本题中，一个高度平衡二叉树是指一个二叉树每个节点 的左右两个子树的高度差的绝对值不超过 1。

示例:

给定的有序链表： [-10, -3, 0, 5, 9],

一个可能的答案是：[0, -3, 9, -10, null, 5], 它可以表示下面这个高度平衡二叉搜索树：

      0
     / \
   -3   9
   /   /
 -10  5

# Definition for singly-linked list.
# class ListNode:
#     def __init__(self, x):
#         self.val = x
#         self.next = None

# Definition for a binary tree node.
# class TreeNode:
#     def __init__(self, x):
#         self.val = x
#         self.left = None
#         self.right = None

思路一

递归解决，首先找到链表的中间结点，通过两个指针，一个快指针一次走两个结点，一个慢指针一次走一个节点，当快指针走到链表尾结点时，慢指针正好在链表中间结点，然后生成树节点。时间复杂度 \(O(n \log n)\)。

class Solution:
    def findMiddle(self, start):
        pre = None
        slow = fast = start
        while fast and fast.next:
            pre = slow
            slow = slow.next
            fast = fast.next.next
        if pre:  # 此操作会破坏链表结构
            pre.next = None
        return slow
        
    def sortedListToBST(self, head: ListNode) -> TreeNode:
        if not head:
            return None
        mid = self.findMiddle(head)
        root = TreeNode(mid.val)
        if mid == head:
            return root
        root.left = self.sortedListToBST(head)
        root.right = self.sortedListToBST(mid.next)
        return root

思路二

与思路一类似，此方法不会破坏链表结构。

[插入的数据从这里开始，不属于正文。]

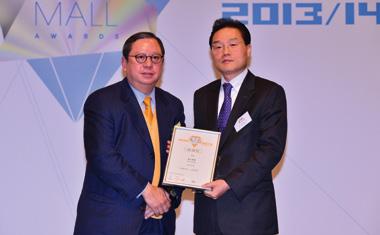 Shaping the Future Other Community Initiatives 21 January 2014 HKTB supports Shopping Mall Awards HKTB Chairman Dr Peter Lam was invited to act as a guest of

时间复杂度 \(O(n \log n)\)。

class Solution:
    def findMiddle(self, start, end):
        slow = fast = start
        while fast != end and fast.next != end:
            slow = slow.next
            fast = fast.next.next
        return slow
    
    def convert(self, start, end):
        if start == end:
            return None
        mid = self.findMiddle(start, end)
        root = TreeNode(mid.val)
        if mid == start:
            return root
        root.left = self.convert(start, mid)
        root.right = self.convert(mid.next, end)
        return root
        
    def sortedListToBST(self, head: ListNode) -> TreeNode:
        return self.convert(head, None)

思路三

将链表转成数组，然后递归解决。时间复杂度 \(O(n)\)。

class Solution:
    def listToArray(self, head):
        vals = []
        while head:
            vals.append(head.val)
            head = head.next
        return vals
        
    def sortedListToBST(self, head: ListNode) -> TreeNode:
        vals = self.listToArray(head)
        def convert(nums):
            if not nums:
                return None
            idx = len(nums) // 2
            root = TreeNode(nums[idx])
            root.left = convert(nums[:idx])
            root.right = convert(nums[idx+1:])
            return root
        return convert(vals)

思路四

使用中序遍历。我们知道中序遍历最左边的元素就是链表的头指针指向的元素，同样的，中序遍历的下一个元素就是链表的第二个元素。代码如下：

class Solution:
    def findSize(self, head):
        p, c = head, 0
        while p:
            p = p.next
            c += 1
        return c
        
    def sortedListToBST(self, head: ListNode) -> TreeNode:
        size = self.findSize(head)
        def convert(l, r):
            nonlocal head
            if l > r:
                return None
            mid = (l + r) // 2
            # 中序遍历，先遍历左子树
            left = convert(l, mid - 1)
            # 当前树结点的值就是当前链表结点的值
            root = TreeNode(head.val)
            root.left = left
            head = head.next
            root.right = convert(mid + 1, r)
            return root
        return convert(0, size - 1)

时间复杂度 \(O(n)\)。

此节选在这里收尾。